Since May is Arthritis awareness month I thought this would be a great post for this week.

I bet you didn’t know that there are more than 100 types of arthritis!!!!  The most common ones are:

Osteoarthritis(OA):  This sometimes is called degenerative joint disease or degenerative arthritis.  This is the most common chronic condition of the joints, affecting roughly 27 million Americans.  OA can affect any joint, but it occurs most often in hips, knee’s, lower back, and small joints of the fingers and the bases of the thumb and big toe.  It’s the “wear and tear” that happens when your joints are overused.  It usually happens with age, but it can also come from joint injuries or obesity, which puts extra stress on your joints.  Joints that bear weight – such as your hips, knees, spine and feet – are the most common places that are affected. However you don’t feel sick or have fatigue that comes with some other types of arthritis.

What happens with this type is you lose your body’s shock absorber. In normal joints, a firm, rubbery material called cartilage covers the end of each bone. Cartilage provides a smooth, gliding surface for joint motion and acts as a cushion between the bones. In OA, the cartilage breaks down, causing pain, swelling and problems moving the joint. As OA worsens over time, bones may break down and develop growths called spurs. Bits of bone or cartilage may chip off and float around in the joint. In the body, an inflammatory process occurs and cytokines (proteins) and enzymes develop that further damage the cartilage. In the final stages of OA, the cartilage wears away and bone rubs against bone leading to joint damage and more pain.
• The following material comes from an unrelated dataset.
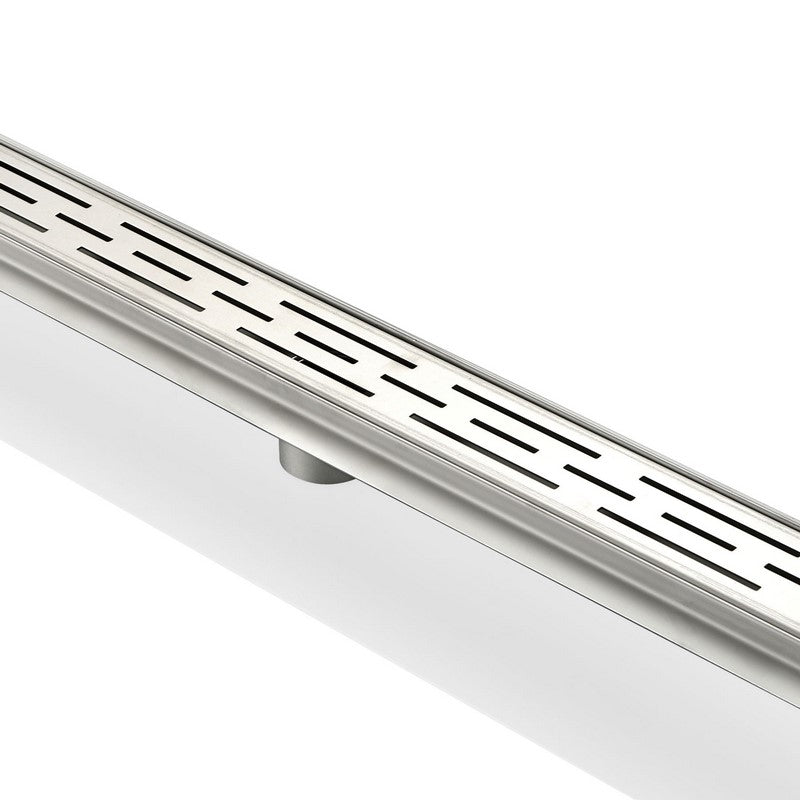 Kube 47.25" Linear Drain with Linear Grate - Stainless Steel (KLD48LINEAR)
Symptoms: Could depend on which joint or joints are affected.  You may have:

  • Deep, aching pain
  • Trouble dressing, combing hair, gripping things, bending over, squatting, or climbing stairs. depending on which joints are involved
  • Morning stiffness for less than an hour
  • Pain when walking
  • Stiffness after resting

Your joint may be:

  • Warm to the touch
  • Swollen and harder to move
  • Unable to move through a full range of motion

Rheumatoid Arthritis(RA): is an autoimmune disease.  That means the immune system attacks parts of the body, especially the joints. That leads to inflammation, which can cause severe joint damage if you don’t treat it. About 1 out of every 5 people who have RA get lumps on their skin called rheumatoid nodules. These often form over joint areas that receive pressure, such as over knuckles, elbows, or heels.  Doctor’s don’t know exactly what causes RA.  Some experts believe the immune system becomes “confused” after infection with a bacteria or virus and starts to attack your joints. This battle can spread to other areas of the body.

Systems:  can come on gradually or start suddenly.  They’re often more sever than with OA.  You may feel pain and stiffness and have swelling in your hands, wrists, elbows, shoulders, knees, ankles, feet, jaw and neck.  RA usually affects multiple joints.  The stiffness that usually starts in the morning may later last for hours or even most of the day. You may also feel fatigued and notice that your appetite is down and you’ve lost weight. RA can also affect other organs including the heart, lungs and eyes.

Psoriatic Arthritis: People with this condition have inflammation of the skin(psoriasis) and joints.

Psoriasis causes patchy, raised, red, and white areas of inflamed skin with scales. It usually affects the tips of the elbows and knees, the scalp, the navel, and skin around the genital areas or anus.   Only about 10% to 30% of people with psoriasis will also get psoriasis arthritis.

What happens: This type of arthritis usually starts between ages 30 and 50, but it can start as early as childhood. It’s equally common among men and women. The skin disease(psoriasis) usually shows up first.

Symptoms:  Psoriatic arthritis can swell the fingers and toes. People who have it often have fingernails that are pitted or discolored, too.  In some people, only one joint or a few joints are affected. For example, you could have it in only one knee. Sometimes it affects the spine or just the fingers and toes.

  • Joint symptoms may signal a serious type of arthritis that can cause permanent joint damage if treatment is delayed. Know what to watch for so you can take action.

If you are having joint symptoms that cause concern, there are good reasons to see a doctor for an evaluation and diagnosis.